I rischi per la salute umana finora identificati riguardano genotossicità e cancerogenesi (con particolare riguardo al linfoma di non-Hodgins), interferenza endocrina e danni al microbioma, antibiotico-resistenza, celiachia . I rischi di neurotossicità sono stati finora invece sottovalutati.
3) Glifosate e infiammazioni del tessuto cerebrale, lo studio
I ricercatori della Arizona State University (Tempe, AZ, USA) hanno somministrato per 13 settimane a tre gruppi di topi diversi dosaggi di glifosate. Tenuto conto del NOAEL (no observed adverse effect level) stabilito da EPA (Environmental Protection Agency, USA) per l’esposizione cronica dei topi (90 giorni), sulle cui basi è calcolata la dose cronica di riferimento per gli esseri umani (1,75 mg/kg/giorno). I tre gruppi sono poi stati sottoposti a 6 mesi di recupero, test neurocognitivi ed esami dei tessuti.
I risultati mostrano anzitutto una correlazione tra l’esposizione al glifosato e la maggiore incidenza di mortalità prematura. Il glifosato e il suo principale metabolita acido aminometilfosfonico sono risultati presenti nel tessuto cerebrale – anche dopo il periodo di recupero – con corrispondenti aumenti del fattore di necrosi tumorale citochinico proinfiammatorio-⍺ (TNF-⍺) nel cervello e nel plasma sanguigno periferico. Si è inoltre rilevato che il TNF-⍺ è elevato nei disturbi neurodegenerativi come il morbo di Alzheimer (AD), si è altresì valutato come l’esposizione al glifosato funga da acceleratore della patogenesi dell’AD.
4) Conclusioni provvisorie
‘Collettivamente, questi dati dimostrano che l’esposizione precoce al glifosato aumenta la neuropatologia simile alla malattia di Alzheimer nei topi’ (Bartholomew et al., 2024).
Aumenti significativi e duraturi, dose-dipendenti, dei livelli di citochine pro-infiammatorie nel sangue circolante a loro volta spiegano l’aumento della mortalità prematura.

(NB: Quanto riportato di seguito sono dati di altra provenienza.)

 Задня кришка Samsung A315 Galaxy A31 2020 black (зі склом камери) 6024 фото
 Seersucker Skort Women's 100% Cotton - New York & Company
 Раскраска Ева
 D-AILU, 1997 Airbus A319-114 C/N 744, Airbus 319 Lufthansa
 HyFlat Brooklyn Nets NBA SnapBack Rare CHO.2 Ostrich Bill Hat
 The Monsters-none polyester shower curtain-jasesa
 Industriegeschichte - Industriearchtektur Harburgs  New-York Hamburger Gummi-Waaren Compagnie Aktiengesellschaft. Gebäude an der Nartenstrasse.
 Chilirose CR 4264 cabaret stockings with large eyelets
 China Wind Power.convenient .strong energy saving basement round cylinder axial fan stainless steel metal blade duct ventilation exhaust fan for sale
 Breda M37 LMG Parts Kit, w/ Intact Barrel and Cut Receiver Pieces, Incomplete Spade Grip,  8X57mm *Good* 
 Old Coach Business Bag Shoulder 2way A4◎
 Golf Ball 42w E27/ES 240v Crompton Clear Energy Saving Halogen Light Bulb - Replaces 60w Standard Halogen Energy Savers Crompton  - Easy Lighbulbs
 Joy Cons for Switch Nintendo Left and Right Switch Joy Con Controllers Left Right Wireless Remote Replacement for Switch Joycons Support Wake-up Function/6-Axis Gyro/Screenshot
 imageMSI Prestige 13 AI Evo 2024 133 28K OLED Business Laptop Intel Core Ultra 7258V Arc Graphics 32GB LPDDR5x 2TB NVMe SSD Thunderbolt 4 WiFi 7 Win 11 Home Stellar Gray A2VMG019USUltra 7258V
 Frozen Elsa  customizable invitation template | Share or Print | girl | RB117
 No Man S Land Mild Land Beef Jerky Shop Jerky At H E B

‘Poiché l’uso del glifosato continua ad aumentare, sono necessarie ulteriori ricerche per chiarire l’impatto di questo erbicida e dei suoi metaboliti sul cervello umano e il loro potenziale contributo all’aumento della prevalenza di malattie neurodegenerative’.
Dario Dongo
Fonte: www.greatitalianfoodtrade.it / 07.12.2024

Immagine di copertina: ‘Riassunto grafico delle nostre principali scoperte che evidenziano che l’esposizione al glifosato seguita da un significativo periodo di recupero è stata in grado di provocare conseguenze patologiche di lunga durata’ (Bartholomew et al., 2024, Figura 6).